2. In large saucepan over medium heat, combine the feta cheese and kajmak/cream cheese until all melted and incorporated. Turn off the heat and set aside.
3. Set your oven to broil on high and place your baking rack to the highest rack . In the meantime, get a round baking pan and rub about 1/4 cup of olive oil all throughout the pan in one even coat. I use 14 inch round pan for this recipe. Once the oven is heated up, place your olive oil coated pan in the oven for 2-3 minutes. This will help get that bottom layer crispy and seal in that layer before you start the layering process. Remove from the oven.

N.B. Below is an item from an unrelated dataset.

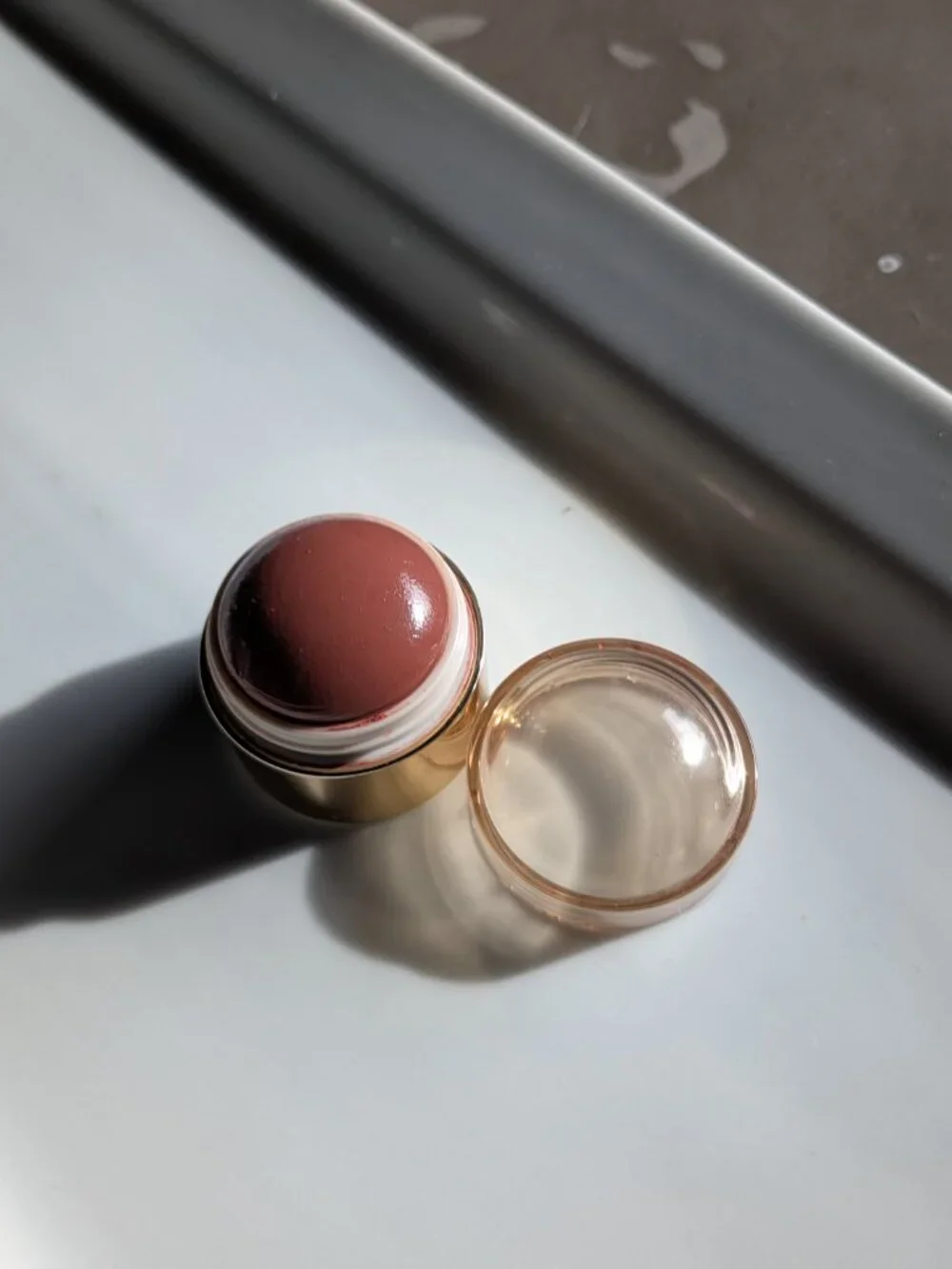 MERIT  Flush Balm Cream Blush - Mini - Fox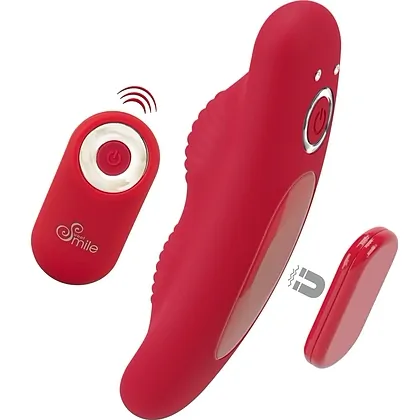 Sweet Smile Vibrator Pentru Chiloți: 10 Moduri, Reîncărcabil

4. With a large ladle, pour in a layer of the dough/klin layer and swirl around the pan until the bottom is fully coated. If you cant reach to the edges, add in a bit more of the dough/klin layer until it is fully coated. Place back in your oven for about 2-3 minutes or until the layer is baked evenly. Remove from the oven and scoop about 1/4 cup of the cheese mixture and spread it evenly on top. If the sides of the bottom layer slightly lift up, just lightly push it down with the spoon you’re spreading out the cheese layer with. Place back in your oven for about 3-4 minutes or until the layer is slightly crisp/baked through.
5. Repeat step 4 until you reach the top of the pan.
6. When you reach the top, make sure your last layer is the cheese layer. After the cheese layer has finished, remove from the oven and cut the pite klinit into desired shapes. Some people like to do large triangles, or squares. I cut the pite into a diamond shapes.
7. Set your oven to 375 degrees Fahrenheit and place your baking rack on the lowest rack. Place the pite into the oven and bake for 40-45 minutes, until the pite is golden brown. Remove from the oven and let it cool for about 20 minutes. Serve with yogurt and enjoy!
TIPS:
If the middle of your pite starts to cook quicker than the sides, place a piece of folded aluminum foil on top while the sides finish cooking.
If air pockets start to form, just poke them with a knife so it deflates.
If you notice the dough batter starting to thicken up as time passes, add in a bit of water to thin it out.